In time for this year’s presidential election, The Mastersons are releasing a 5-song EP titled RED, WHITE & I LOVE YOU TOO. The EP's first single, "Sensitive Souls," is available through all digital providers today and continues the themes of unity and compassion the duo explored in their recent album, NO TIME FOR LOVE SONGS.
“Last year when we were going through the songs for our fourth album, NO TIME FOR LOVE SONGS, with our producer Shooter Jennings, he mentioned a couple in the pile being ‘their own tornados,’” says Chris. “At the time we thought maybe one or two of those songs should live in their own space, on a different recording perhaps. We finished the album and geared up for a busy year of touring without giving that second recording much more of a thought.”
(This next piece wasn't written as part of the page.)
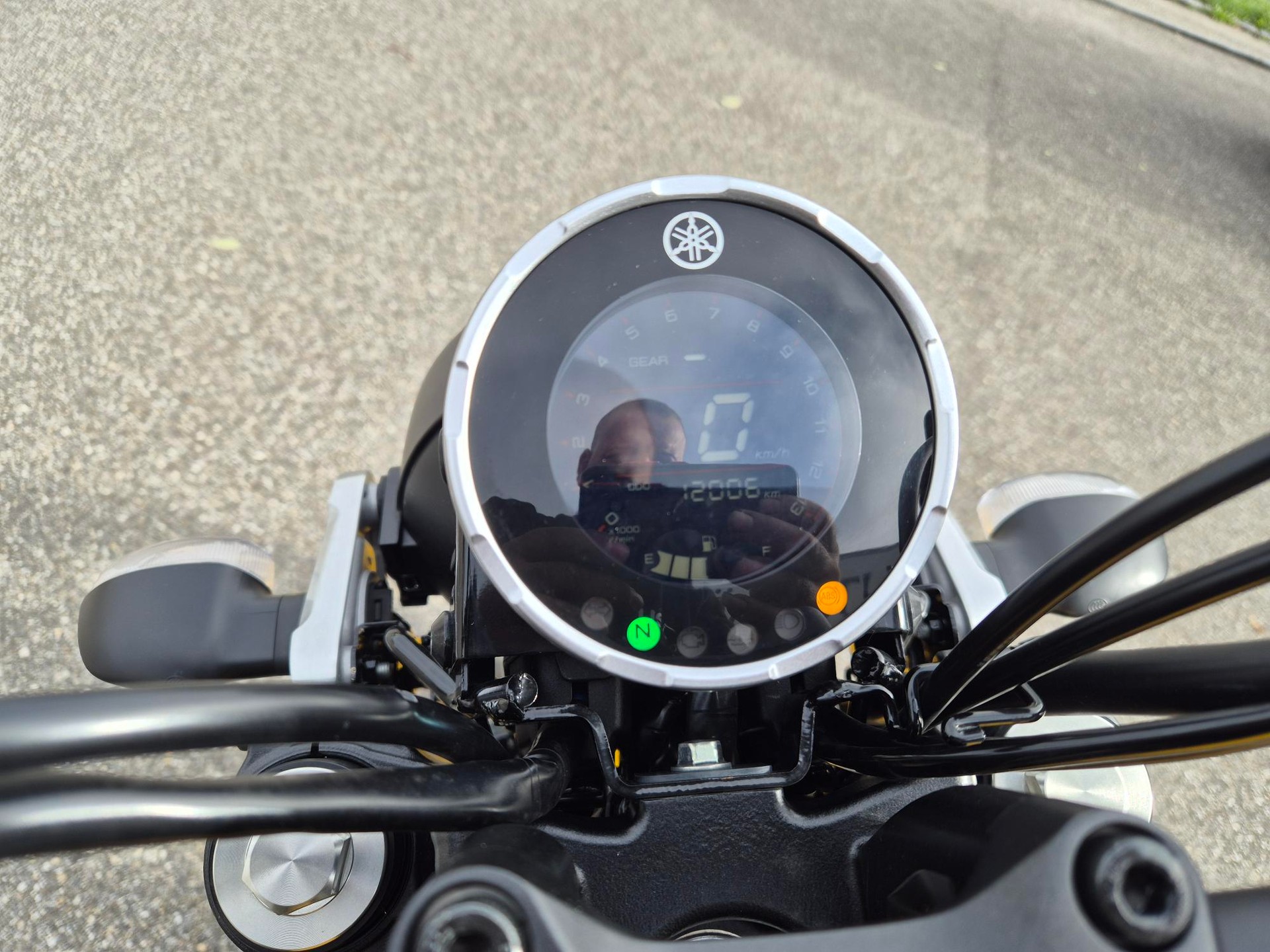 YAMAHA XSR 125-image-8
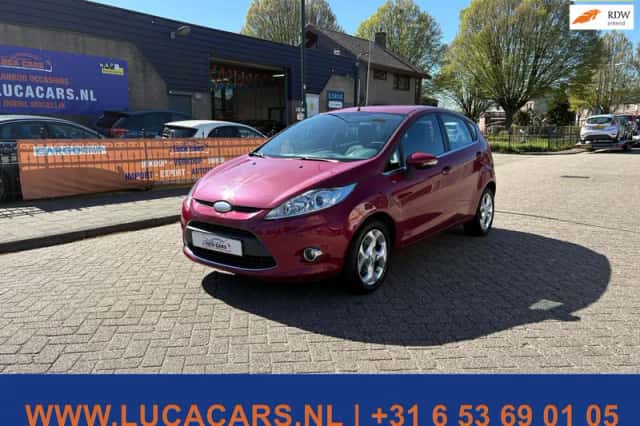 Ford Fiesta (2009) thumbnail 1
“We were on tour on the East Coast with the Jayhawks, in the second week of our record release, when the world shut down and we canceled the rest of our tour,” Chris says. “We came home from NYC, then the epicenter of COVID-19, and Eleanor had gotten it and was really sick. Back home in L.A., the riots and protests following George Floyd’s death were 400 feet from our apartment, closer if you count the flash grenades and troops of officers in full riot gear storming down our alleyway with the sound of some poor soul yelling "don't shoot, don't shoot!" We heard this over the alarms of broken-in businesses and the roar of helicopters that had been circling for hours; we were just trying to take our dog out that evening. Now we’ve got almost 200,000 dead from the virus and there is still denial. Things are not ok. We can't have four more years of chaos and fear.”
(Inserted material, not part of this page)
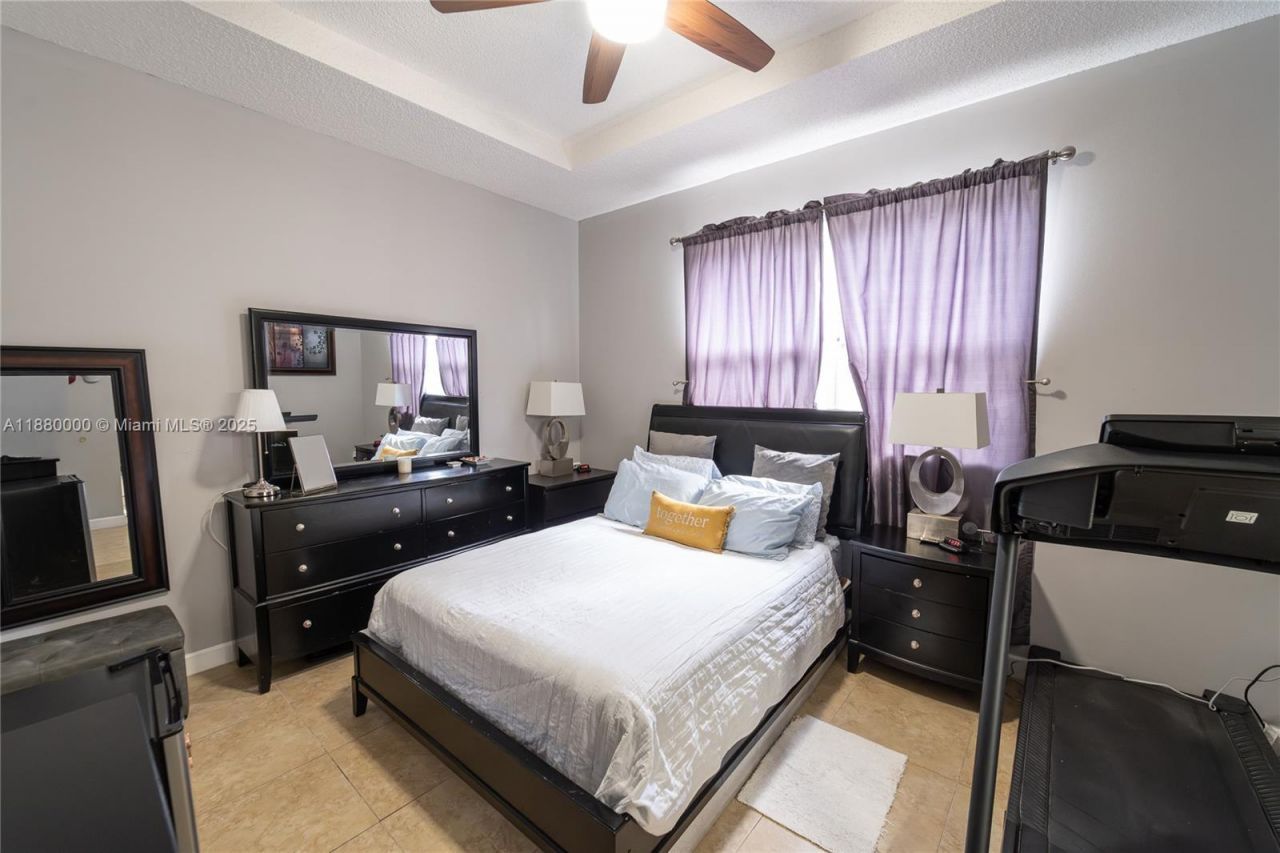 983 NE 42nd Pl, Homestead, FL 33033 Photo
Sequestered in their home faced with an empty calendar, a bunch of guitars and a looming election, the Mastersons were motivated to get these songs down. NO TIME FOR LOVE SONGS, released in March, addressed political issues but was rounded out by songs about loss and softened by the lush arrangements. RED, WHITE & I LOVE YOU TOO, while coming from the same place of love, is stripped down a bit more to reflect the starkness of the situation we’re in. “We’re facing a moral dilemma for who we want to be as a nation,” Chris says. “We’re hoping voters lead with love, kindness and empathy when they make their decision in November.”
RED, WHITE & I LOVE YOU TOO was recorded at the Mastersons’ home studio. Fellow Steve Earle & the Dukes bandmate, Jeff Hill, who’s worked with Chris Robinson, Teddy Thompson, Neal Casal and others, added bass and drums on “In The Name Of God” and mixed the EP.
“We’re facing a moral dilemma for who we want to be as a nation,” Chris says. “We’re hoping voters lead with love, kindness and empathy when they make their decision in November.”